What to work on: The answer must be an exact copy of the lines from the one containing "4335 33rd Pl, San" through the end of the records, with the pictures left out.

########

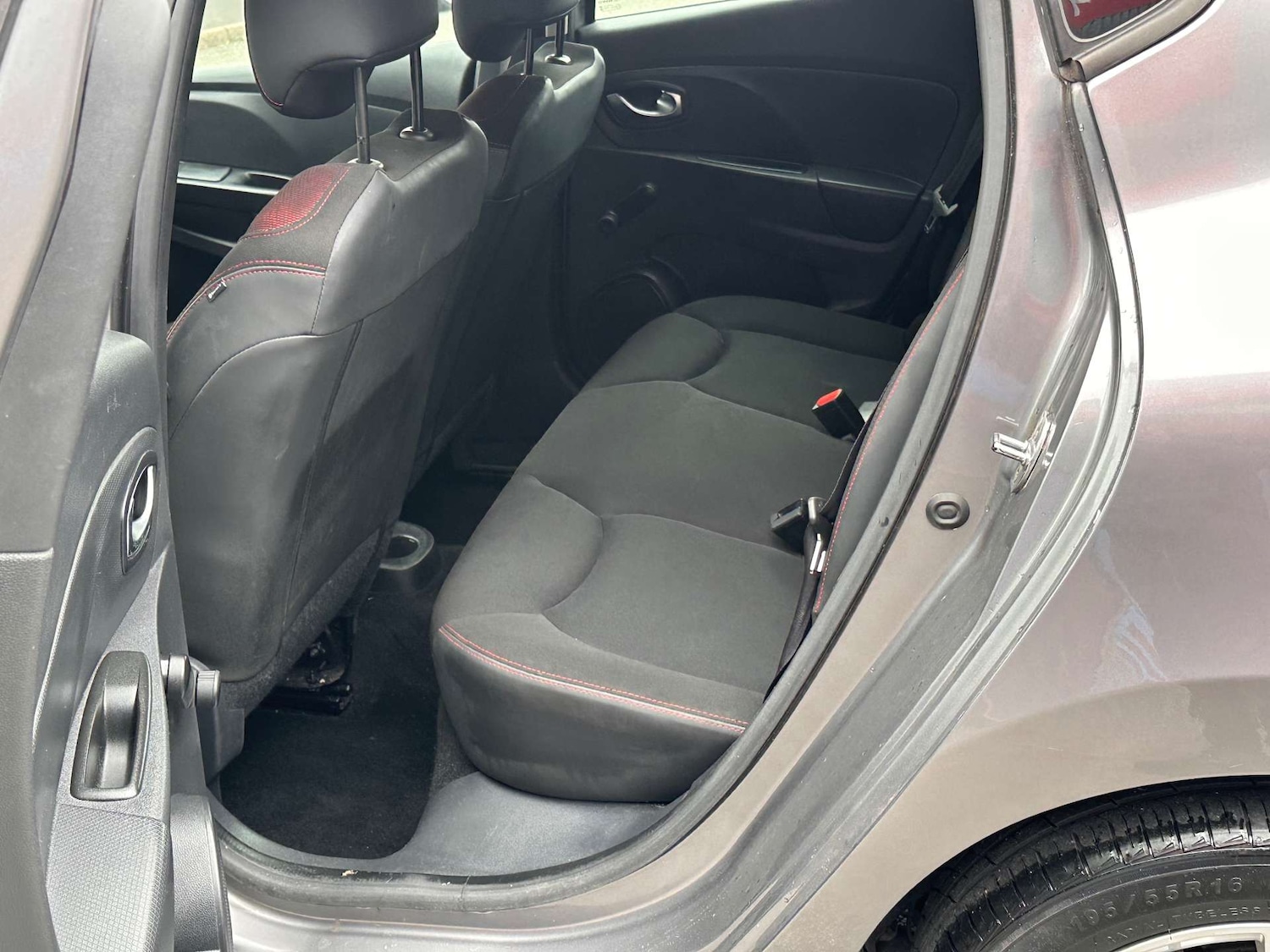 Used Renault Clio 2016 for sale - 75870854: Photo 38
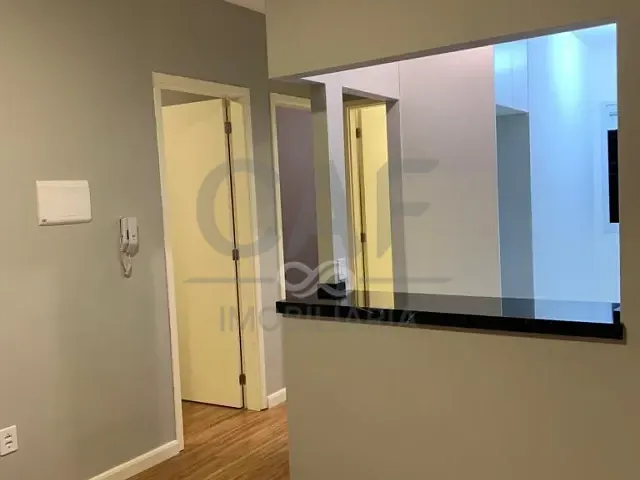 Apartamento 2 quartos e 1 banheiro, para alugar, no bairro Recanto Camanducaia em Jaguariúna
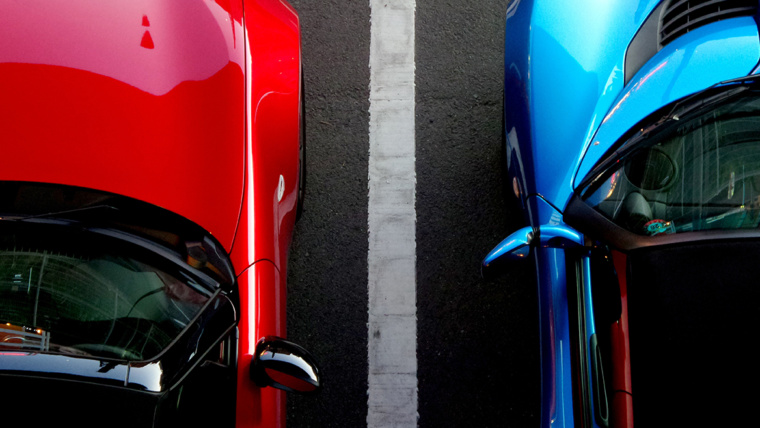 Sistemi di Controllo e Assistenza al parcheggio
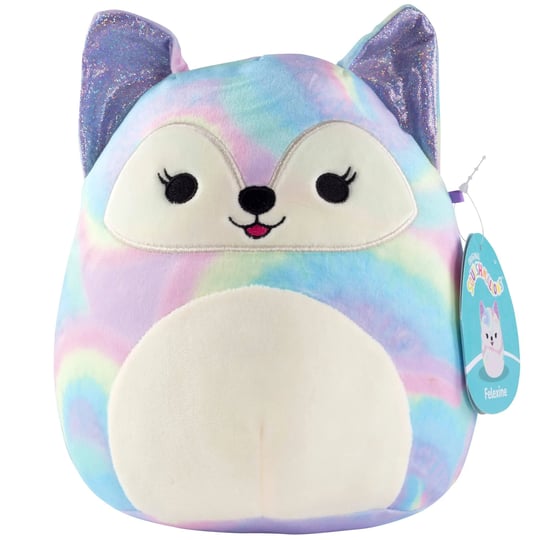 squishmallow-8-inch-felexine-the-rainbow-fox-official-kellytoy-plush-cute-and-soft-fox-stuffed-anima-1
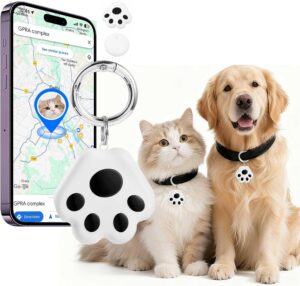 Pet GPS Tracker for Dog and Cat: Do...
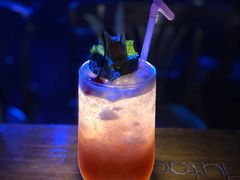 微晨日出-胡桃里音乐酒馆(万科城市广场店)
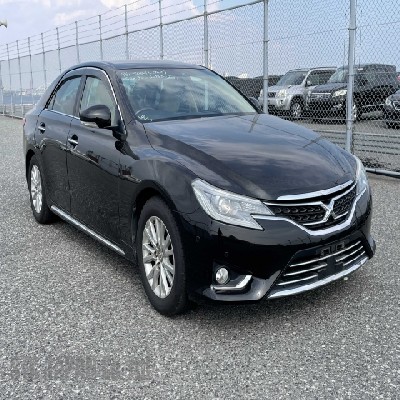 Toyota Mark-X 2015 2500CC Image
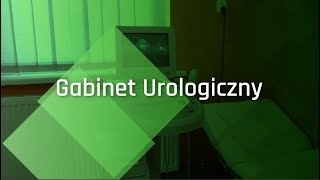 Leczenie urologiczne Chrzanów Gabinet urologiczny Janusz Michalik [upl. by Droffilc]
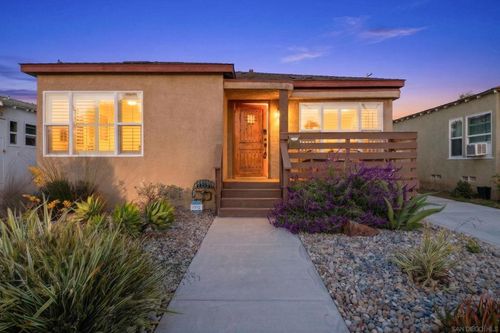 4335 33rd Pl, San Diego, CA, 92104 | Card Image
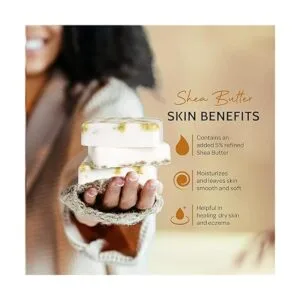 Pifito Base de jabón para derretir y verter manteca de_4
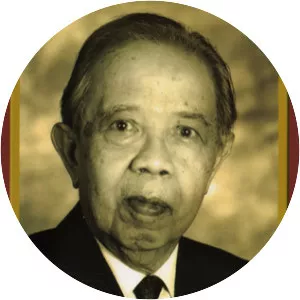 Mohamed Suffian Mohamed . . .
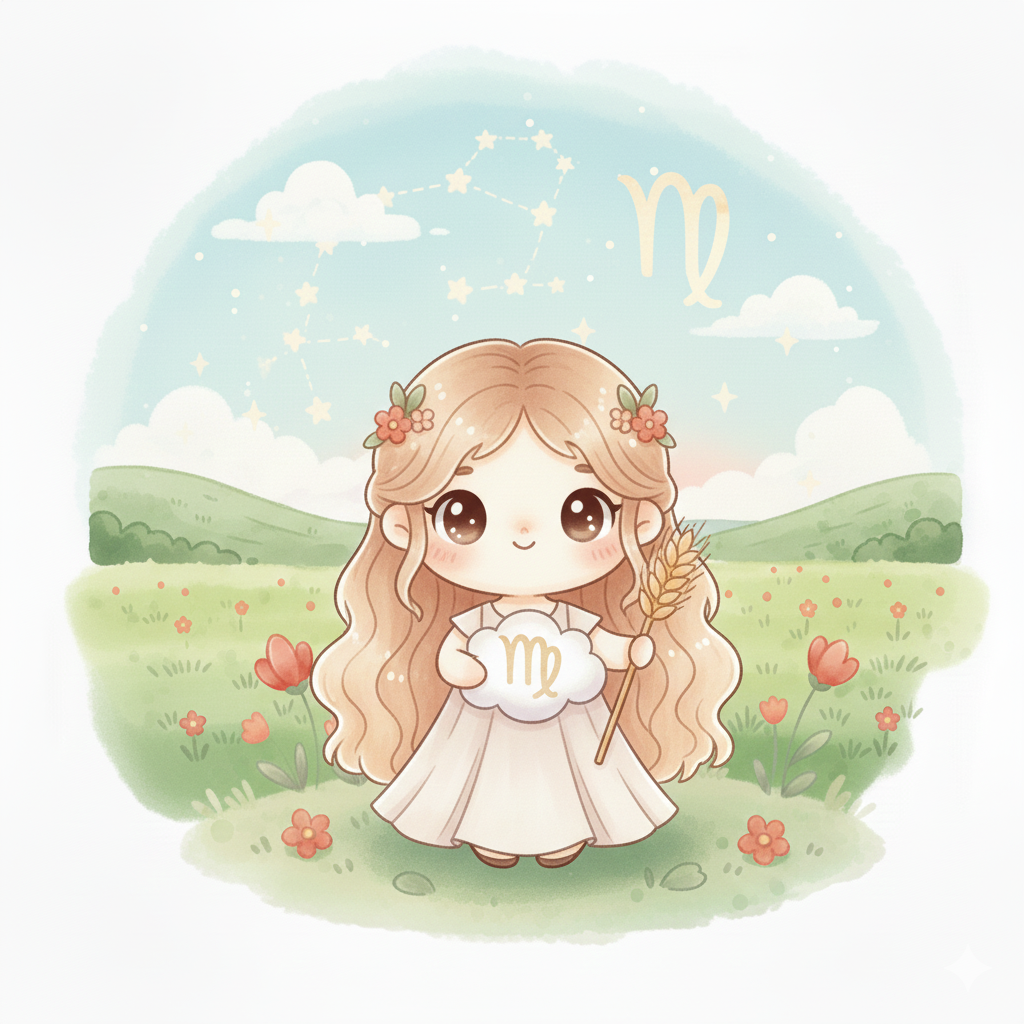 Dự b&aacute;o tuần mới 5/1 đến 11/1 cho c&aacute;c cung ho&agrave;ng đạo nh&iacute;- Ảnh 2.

########

Written solution:
 4335 33rd Pl, San Diego, CA, 92104 | Card Image
 Pifito Base de jabón para derretir y verter manteca de_4
 Mohamed Suffian Mohamed . . .
 Dự b&aacute;o tuần mới 5/1 đến 11/1 cho c&aacute;c cung ho&agrave;ng đạo nh&iacute;- Ảnh 2.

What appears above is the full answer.